# Goal of the exercise
Range to output from the entries below: the line containing "Gucci Calfskin Ayers" through the line containing "Gothic Black Moon". Set it down exactly, ends included, nothing else.

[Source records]

Content starts

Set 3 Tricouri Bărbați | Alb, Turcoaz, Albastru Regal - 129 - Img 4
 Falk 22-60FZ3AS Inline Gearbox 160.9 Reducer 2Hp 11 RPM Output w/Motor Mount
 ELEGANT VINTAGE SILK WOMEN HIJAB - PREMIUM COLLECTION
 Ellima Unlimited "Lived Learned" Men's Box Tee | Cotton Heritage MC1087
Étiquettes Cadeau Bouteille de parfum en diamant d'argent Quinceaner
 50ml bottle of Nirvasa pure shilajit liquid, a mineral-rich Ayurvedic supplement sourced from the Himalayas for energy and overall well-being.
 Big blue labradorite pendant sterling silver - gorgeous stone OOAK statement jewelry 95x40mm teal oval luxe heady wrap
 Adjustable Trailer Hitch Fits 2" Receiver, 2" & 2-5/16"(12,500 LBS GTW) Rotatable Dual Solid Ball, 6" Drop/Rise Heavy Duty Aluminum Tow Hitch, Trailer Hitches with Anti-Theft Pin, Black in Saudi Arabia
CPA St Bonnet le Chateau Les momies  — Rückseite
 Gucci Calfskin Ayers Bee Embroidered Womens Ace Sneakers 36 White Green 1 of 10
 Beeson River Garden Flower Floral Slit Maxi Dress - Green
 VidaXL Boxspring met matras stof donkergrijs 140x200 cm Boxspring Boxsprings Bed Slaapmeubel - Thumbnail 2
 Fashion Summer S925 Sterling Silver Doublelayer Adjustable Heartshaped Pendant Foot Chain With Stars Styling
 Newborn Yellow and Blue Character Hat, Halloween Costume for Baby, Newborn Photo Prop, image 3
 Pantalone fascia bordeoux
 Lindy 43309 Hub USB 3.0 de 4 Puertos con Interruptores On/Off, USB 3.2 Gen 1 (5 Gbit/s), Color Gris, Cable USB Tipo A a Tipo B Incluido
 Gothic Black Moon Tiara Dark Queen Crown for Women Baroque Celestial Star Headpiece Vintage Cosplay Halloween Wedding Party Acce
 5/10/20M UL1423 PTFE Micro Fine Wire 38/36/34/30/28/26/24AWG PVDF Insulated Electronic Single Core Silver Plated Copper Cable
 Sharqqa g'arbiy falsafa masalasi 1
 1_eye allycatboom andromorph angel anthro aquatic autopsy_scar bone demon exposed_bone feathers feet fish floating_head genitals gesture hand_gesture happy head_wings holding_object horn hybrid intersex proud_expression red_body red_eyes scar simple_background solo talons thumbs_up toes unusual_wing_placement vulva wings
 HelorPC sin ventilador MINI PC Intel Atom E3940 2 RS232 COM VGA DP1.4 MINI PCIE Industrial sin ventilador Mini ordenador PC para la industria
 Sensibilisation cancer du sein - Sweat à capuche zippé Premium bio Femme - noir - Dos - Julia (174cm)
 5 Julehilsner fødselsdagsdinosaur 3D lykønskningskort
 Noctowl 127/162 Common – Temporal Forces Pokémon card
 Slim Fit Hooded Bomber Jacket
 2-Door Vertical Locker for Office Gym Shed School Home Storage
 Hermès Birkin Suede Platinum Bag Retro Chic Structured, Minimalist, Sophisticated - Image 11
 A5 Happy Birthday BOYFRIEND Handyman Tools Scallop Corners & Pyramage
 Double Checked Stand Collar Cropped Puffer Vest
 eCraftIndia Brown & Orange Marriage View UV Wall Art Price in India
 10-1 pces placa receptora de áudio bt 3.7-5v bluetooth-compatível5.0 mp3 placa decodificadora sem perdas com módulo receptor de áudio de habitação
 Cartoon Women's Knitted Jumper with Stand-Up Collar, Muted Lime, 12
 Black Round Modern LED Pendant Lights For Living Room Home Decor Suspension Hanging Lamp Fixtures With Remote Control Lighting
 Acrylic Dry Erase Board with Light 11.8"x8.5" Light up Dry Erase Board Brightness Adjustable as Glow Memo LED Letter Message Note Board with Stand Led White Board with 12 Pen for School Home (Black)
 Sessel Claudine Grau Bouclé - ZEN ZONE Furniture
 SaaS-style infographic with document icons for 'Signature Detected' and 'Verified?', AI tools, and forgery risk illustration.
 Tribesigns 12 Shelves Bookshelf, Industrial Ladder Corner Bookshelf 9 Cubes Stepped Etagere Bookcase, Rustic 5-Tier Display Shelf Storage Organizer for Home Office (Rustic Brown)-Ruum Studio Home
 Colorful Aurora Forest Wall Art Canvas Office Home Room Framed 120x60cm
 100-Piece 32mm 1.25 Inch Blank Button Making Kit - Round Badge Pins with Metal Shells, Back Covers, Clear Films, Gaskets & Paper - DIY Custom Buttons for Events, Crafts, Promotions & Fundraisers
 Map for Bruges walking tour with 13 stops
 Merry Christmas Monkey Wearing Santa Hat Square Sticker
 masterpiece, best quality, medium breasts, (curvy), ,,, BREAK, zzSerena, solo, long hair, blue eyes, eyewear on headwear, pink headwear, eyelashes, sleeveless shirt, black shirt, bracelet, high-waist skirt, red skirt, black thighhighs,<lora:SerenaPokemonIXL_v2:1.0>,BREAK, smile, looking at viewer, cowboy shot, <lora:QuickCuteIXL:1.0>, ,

Content ends

# Written solution
 Gucci Calfskin Ayers Bee Embroidered Womens Ace Sneakers 36 White Green 1 of 10
 Beeson River Garden Flower Floral Slit Maxi Dress - Green
 VidaXL Boxspring met matras stof donkergrijs 140x200 cm Boxspring Boxsprings Bed Slaapmeubel - Thumbnail 2
 Fashion Summer S925 Sterling Silver Doublelayer Adjustable Heartshaped Pendant Foot Chain With Stars Styling
 Newborn Yellow and Blue Character Hat, Halloween Costume for Baby, Newborn Photo Prop, image 3
 Pantalone fascia bordeoux
 Lindy 43309 Hub USB 3.0 de 4 Puertos con Interruptores On/Off, USB 3.2 Gen 1 (5 Gbit/s), Color Gris, Cable USB Tipo A a Tipo B Incluido
 Gothic Black Moon Tiara Dark Queen Crown for Women Baroque Celestial Star Headpiece Vintage Cosplay Halloween Wedding Party Acce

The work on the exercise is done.